Since the Baby

by | January 14, 2018

The slamming door clawed at her headache. It bounded and rebounded in the wake of the shopkeeper as he ran out into the street, wailing her name while clutching something between the palms of his hands. She turned her gaze away from his bawling lips and buried her foot into the accelerator. The idea of stopping the car didn’t appeal to her. Another scratching conversation, a grovelling apology for making him abandon his conveyer belt for a few seconds, a hurried thank you for saving her the handful of change that it must have been worth. She had stopped caring. More than anything, she wanted to sleep.

It was difficult to see through the dust that had built up on the windscreen, the shapes rolling past the car didn’t quite seem real. It reminded her of the time she had crashed her bike, a week before her parents finally realised that she needed glasses. The blurred lines had made the tree feel harmless, right until the moment she hit it. Her cheeks relaxed and she mindlessly rolled the car through a red light. An image of the shopkeeper’s red face flared and disappeared in her mind like a subliminal image sneaked into a film reel. She knew his type, the brimming sense of superiority that he would peel from the idea that she, god forbid, would forget something.

Neon lights from YouthNite dulled through the gritted screen as she pulled through the city centre. The queue had already started forming, strings of girls in crop-tops and bright dresses, smoking and laughing. It was an unremarkable club with bad music, she remembered, apart from the fact that she had met her husband in there, twirling and shaking with the rest of them. They sneaked a kiss and swapped their numbers before she was kicked out for sneaking a hip-flask into the club under her bra-strap. She would always tease him for dislodging it. The car accelerated and the club minimised into the distance along with the libraries and cinemas of centre.

She glided onto the motorway and her fingers switched the radio on without her giving them permission to. It felt like a new luxury, she hadn’t listened to the radio since the birth. The mirthful voices were a jarring reminder of how she used to speak, how people used to speak to her before human interaction had become a chain of baby babbling and bargaining. The guests she had invited into her car pricked each other with pointed jokes and she watched it like a sport.

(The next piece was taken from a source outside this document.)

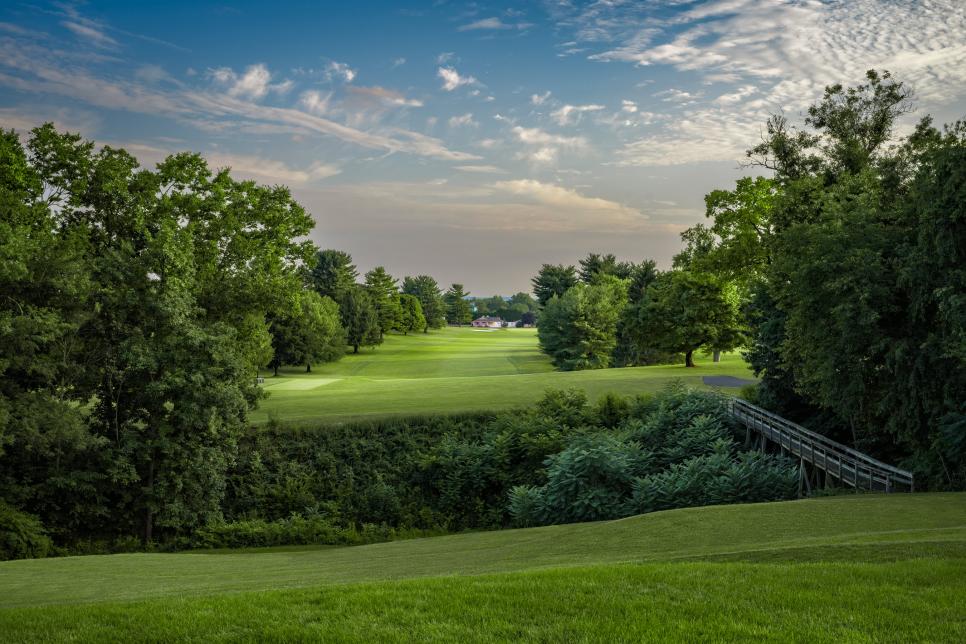 /content/dam/images/golfdigest/fullset/course-photos-for-places-to-play/carlisle-country-club-eighteenth-hole-9534.jpg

As she pulled into the driveway, the panting shopkeeper’s face floated and burst again in her mind. She knew her husband would drip out some sly remark at the fact she’d forgotten some minutiae of his list, of course he would, men always have something to say. Well, she’s allowed to forget things: he could drive, couldn’t he?

Flicking off the engine, she took a minute to breathe; her eyelids slumped to rest on her crow’s feet. Remember, the doctor had said, all knowingly, if the baby is sleeping, you should be sleeping. If only it was that simple. A bag with nappies and formula milk was strapped into the baby seat, the rest of the groceries were scattered between discarded toys and patches of chucked up milk. Gathering her scavenged goods, she bundled herself into the living room. Her husband was folded uncomfortably on the floor, screwing together a high chair for their newborn. Prising himself from his hands and knees, he took some of the bags and pecked her on the cheek. They walked to the kitchen together in silence.

“Is this everything?”

“Uh, I think so, yeah,”

He placed them gently on the kitchen floor, “Where’s the baby?”